The cow’s head often stays in one spot or moves slightly. Spilling from the cow’s mouth is relatively low, and consumption is rapid. As she progresses, you may see feed falling from her mouth, and eventually, the tell-tale hole burrowed into the feed all the way to the feeding surface. She is nibbling the fines or goodies as they fall into the funnel while leaving the less desirable feeds behind. This also occurs if the cow burrows through the feed, shifting feed concentrates into the hole. When this occurs, the feed in the bunk changes in appearance.
It is easiest to notice if the feed has been in front of the cows for some time and they have selected what they want. Given that cows have a pecking order, the result of feed sorting means different cows get different diets and intake.

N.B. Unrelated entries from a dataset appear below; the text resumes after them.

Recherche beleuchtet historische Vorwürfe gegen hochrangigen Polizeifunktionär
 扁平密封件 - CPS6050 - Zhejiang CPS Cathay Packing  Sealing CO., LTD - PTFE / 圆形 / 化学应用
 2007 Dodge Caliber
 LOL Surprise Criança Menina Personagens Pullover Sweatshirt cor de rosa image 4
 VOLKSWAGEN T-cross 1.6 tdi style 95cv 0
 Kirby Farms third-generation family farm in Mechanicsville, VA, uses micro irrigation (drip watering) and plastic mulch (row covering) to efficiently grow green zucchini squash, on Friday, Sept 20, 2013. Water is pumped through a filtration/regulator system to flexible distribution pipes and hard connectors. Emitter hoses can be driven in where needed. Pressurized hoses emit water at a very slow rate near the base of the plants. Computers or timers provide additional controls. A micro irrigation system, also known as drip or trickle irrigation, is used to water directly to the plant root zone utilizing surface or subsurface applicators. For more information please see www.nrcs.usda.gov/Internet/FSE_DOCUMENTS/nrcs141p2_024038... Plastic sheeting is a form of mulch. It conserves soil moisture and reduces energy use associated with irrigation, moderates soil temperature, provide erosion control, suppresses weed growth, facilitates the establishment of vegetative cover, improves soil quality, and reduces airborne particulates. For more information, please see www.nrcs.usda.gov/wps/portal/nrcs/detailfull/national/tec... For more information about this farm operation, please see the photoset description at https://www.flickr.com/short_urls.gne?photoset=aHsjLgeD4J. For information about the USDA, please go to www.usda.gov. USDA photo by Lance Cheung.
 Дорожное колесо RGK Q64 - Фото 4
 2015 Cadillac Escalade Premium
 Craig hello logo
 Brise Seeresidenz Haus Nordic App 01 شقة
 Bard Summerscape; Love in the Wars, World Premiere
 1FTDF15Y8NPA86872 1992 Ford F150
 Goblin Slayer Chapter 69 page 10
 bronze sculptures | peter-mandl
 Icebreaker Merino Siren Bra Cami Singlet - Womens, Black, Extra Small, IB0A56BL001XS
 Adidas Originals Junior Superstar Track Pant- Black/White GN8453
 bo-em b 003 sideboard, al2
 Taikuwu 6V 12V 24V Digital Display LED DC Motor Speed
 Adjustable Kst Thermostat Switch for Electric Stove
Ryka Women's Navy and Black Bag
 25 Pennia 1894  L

Common contributors to ration sorting
Sorting may become a health and financial issue. Cows that aggressively sort feed do not get a balanced diet. Mostly they get too much concentrate and not enough fiber. This is accompanied by shifts in manure consistency. The cow sorting for grains today is often slightly off feed the next day and sorting for fiber to correct her unhealthy rumen pH. The result is lower milk or components or acute digestive issues.
In a crowded pen, where bunk space may be limited, the aggressive cows sort out the goodies, and the passive cows eat the already-sorted feed. Neither animal meets her target feed requirements.